## [DATASET]
···
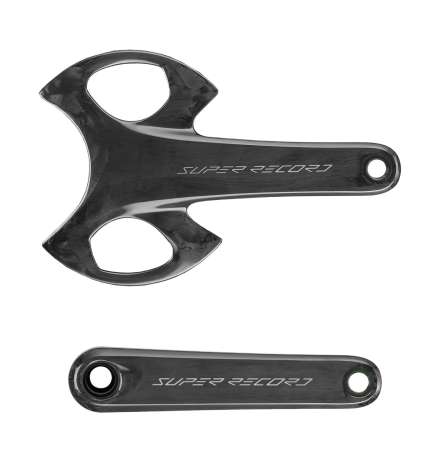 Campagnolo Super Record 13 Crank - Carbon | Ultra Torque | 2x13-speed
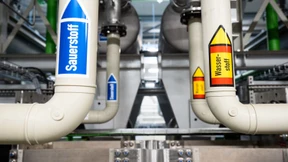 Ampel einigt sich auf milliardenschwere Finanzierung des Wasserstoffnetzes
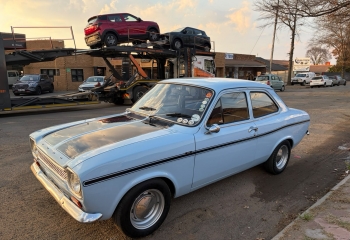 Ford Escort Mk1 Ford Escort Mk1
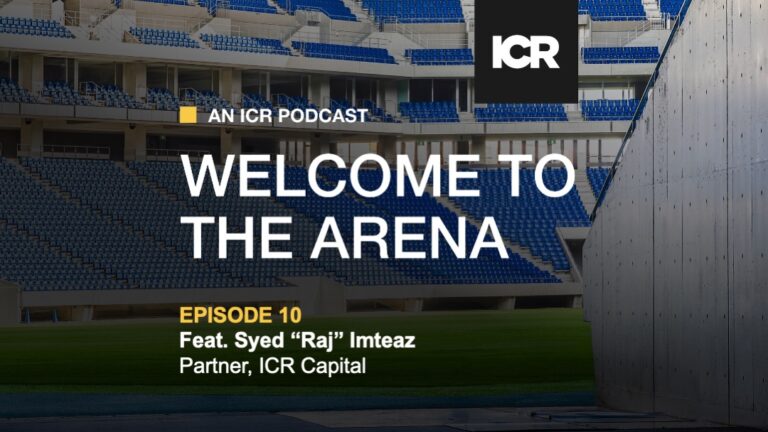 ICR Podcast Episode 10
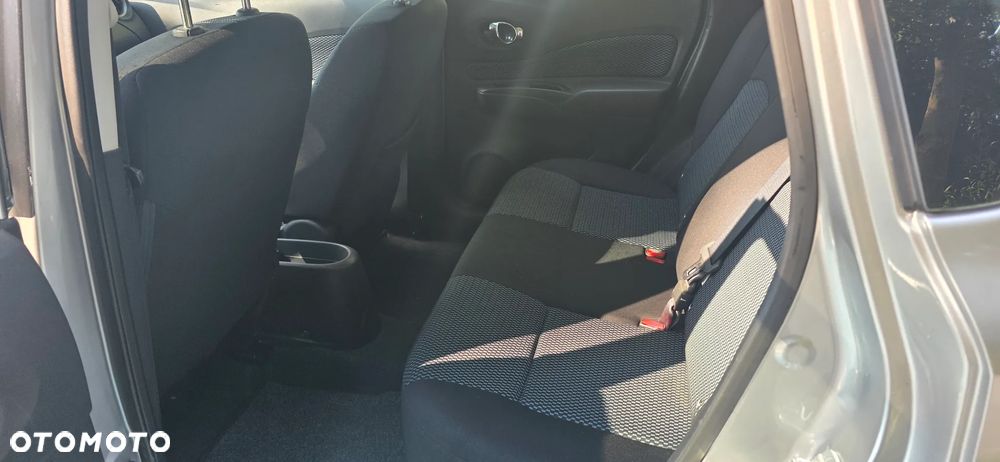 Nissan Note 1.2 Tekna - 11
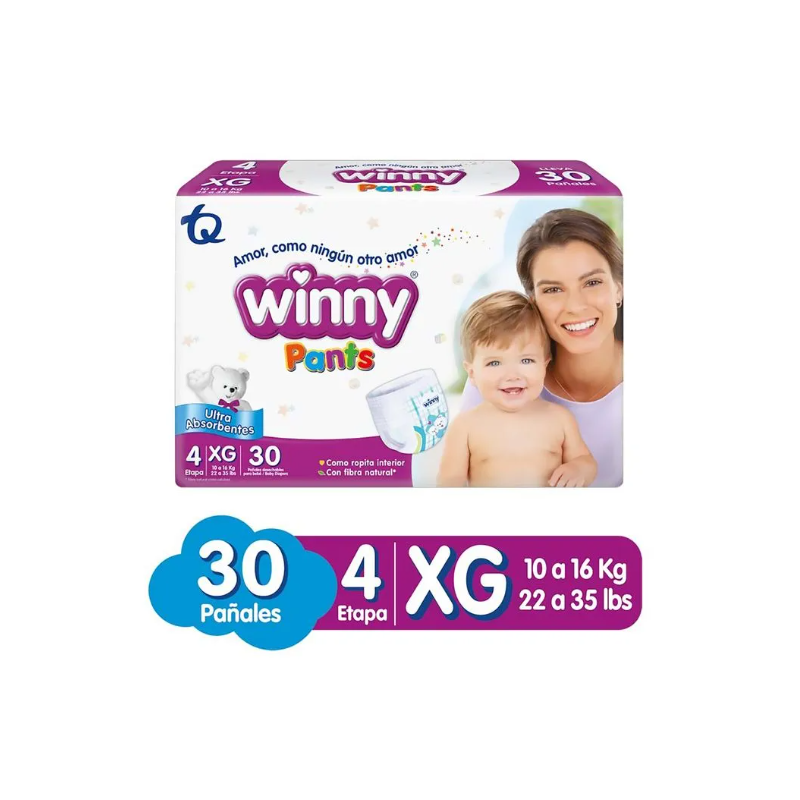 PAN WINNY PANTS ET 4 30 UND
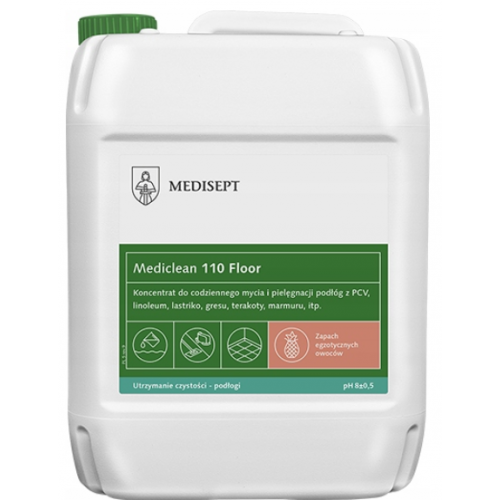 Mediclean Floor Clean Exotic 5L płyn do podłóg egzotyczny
···
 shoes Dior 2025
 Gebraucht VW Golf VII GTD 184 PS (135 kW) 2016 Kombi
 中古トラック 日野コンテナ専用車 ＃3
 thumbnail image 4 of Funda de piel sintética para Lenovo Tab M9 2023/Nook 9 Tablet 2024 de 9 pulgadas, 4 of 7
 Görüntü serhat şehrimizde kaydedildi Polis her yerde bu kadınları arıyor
···
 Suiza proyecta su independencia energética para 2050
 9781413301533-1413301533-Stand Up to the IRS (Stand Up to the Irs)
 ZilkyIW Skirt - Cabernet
···
## [YOUR INSTRUCTIONS]
Only the lines starting at the one that includes "Campagnolo Super Record" and ending at the one that includes "PAN WINNY PANTS ET 4 30 UND" should be retyped, exactly, from the records above; no pictures.

## [ANSWER TO THIS TASK]
 Campagnolo Super Record 13 Crank - Carbon | Ultra Torque | 2x13-speed
 Ampel einigt sich auf milliardenschwere Finanzierung des Wasserstoffnetzes
 Ford Escort Mk1 Ford Escort Mk1
 ICR Podcast Episode 10
 Nissan Note 1.2 Tekna - 11
 PAN WINNY PANTS ET 4 30 UND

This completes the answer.